Function like an Adult: or at Least, Pretend to
I often get mistaken for a real adult. I have an office job, I’ve lived (and not studied) abroad, I subscribe to the New Yorker!! and buy whole-grain bread and do laundry semi-regularly. To those looking in, things appear to be full steam ahead into the world of maturity and grace. NOT SO FAST! I don’t have a degree, or a credit card, or the capacity for forgiveness. Or health insurance! I might as well be sixteen!
Just so we’re clear.
I also don’t own an iron, which definitely slams the brakes on any auspices of adulthood. This isn’t the result of some long-standing grudge against The Man or refusal to be a cog in the corporate machine (although that does sound luxuriously adolescent, doesn’t it?), but rather, straight up forgetfulness. I’ve been meaning to get a new one… but I am too youthful to actually remember that when I’m at Target or wherever you old-asses go to buy irons in this city. God forbid I make a list or something. I also cannot pronounce iron correctly, owing to learning English – my second language – in Alabama, so I rarely think the word and even more rarely say it aloud. Maturity wouldn’t care!
THE POINT IS, I only remember it when I need to put on this charade of adulthood in the morning. I imagine plenty of you are in the same boat: 1 wrinkly button-down standing in in the way of that paycheck, and by god! We are gonna make it out of the house today, looking like chewed-up ass or not. Worry not, Brokeasses, we’ll get that skrilla yet. I’ve got a (free?) trick for ya.
Fake it ’till you make it: Unwrinkling things without an iron
1. Rescue wrinkly thing from heap of clothing on floor.
2. Hang it on a wire hanger.
3. Turn the shower up as hot as it will go.
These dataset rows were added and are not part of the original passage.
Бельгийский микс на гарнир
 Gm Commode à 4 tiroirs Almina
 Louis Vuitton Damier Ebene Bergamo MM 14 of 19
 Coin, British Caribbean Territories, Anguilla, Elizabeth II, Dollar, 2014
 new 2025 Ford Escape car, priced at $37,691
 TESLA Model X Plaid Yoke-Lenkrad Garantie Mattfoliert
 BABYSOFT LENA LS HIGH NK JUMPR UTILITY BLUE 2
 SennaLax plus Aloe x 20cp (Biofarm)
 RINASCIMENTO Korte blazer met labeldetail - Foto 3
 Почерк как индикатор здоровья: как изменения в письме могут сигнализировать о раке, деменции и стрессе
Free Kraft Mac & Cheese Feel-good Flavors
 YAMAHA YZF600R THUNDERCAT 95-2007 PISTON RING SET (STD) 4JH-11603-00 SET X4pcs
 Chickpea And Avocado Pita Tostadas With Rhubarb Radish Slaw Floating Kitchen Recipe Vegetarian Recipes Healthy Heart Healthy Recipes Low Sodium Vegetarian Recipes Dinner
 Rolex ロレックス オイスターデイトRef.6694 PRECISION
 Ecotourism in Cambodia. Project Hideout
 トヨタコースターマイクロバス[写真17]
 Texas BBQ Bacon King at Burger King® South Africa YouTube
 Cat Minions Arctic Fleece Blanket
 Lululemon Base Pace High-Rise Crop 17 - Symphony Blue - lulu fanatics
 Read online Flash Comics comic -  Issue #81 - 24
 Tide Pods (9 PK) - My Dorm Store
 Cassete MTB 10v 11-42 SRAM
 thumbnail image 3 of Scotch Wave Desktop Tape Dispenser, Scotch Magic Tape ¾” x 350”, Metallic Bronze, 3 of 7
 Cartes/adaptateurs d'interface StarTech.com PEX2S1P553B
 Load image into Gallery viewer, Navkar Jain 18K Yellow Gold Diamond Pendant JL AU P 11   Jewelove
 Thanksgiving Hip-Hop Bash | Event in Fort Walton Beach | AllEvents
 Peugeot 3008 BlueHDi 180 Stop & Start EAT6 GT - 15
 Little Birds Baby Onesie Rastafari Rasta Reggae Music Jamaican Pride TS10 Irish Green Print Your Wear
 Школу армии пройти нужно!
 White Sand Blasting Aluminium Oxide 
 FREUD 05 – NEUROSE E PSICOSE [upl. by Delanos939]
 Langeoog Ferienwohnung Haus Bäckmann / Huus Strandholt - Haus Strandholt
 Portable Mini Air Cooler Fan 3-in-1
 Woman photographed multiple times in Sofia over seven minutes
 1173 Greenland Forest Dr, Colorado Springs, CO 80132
4. Hang the offending article up in the bathroom where it will get the most steam.
5. Shut bathroom door, go make yourself a coffee, read the New York Times and thrill in your own maturity.
6. After a while, go retrieve it from the sauna you’ve created.
7. Tug out the wrinkles.
There you have it, folks. The key to looking like you have your shit together is arriving vaguely unrumpled, and as it turns out, that’s pretty easy. Now you have no excuse not to go forth and convince everyone of your full-grown status.
Even if you did have taquitos for breakfast this morning. And are still giggling about the fact that I just said “tug out.”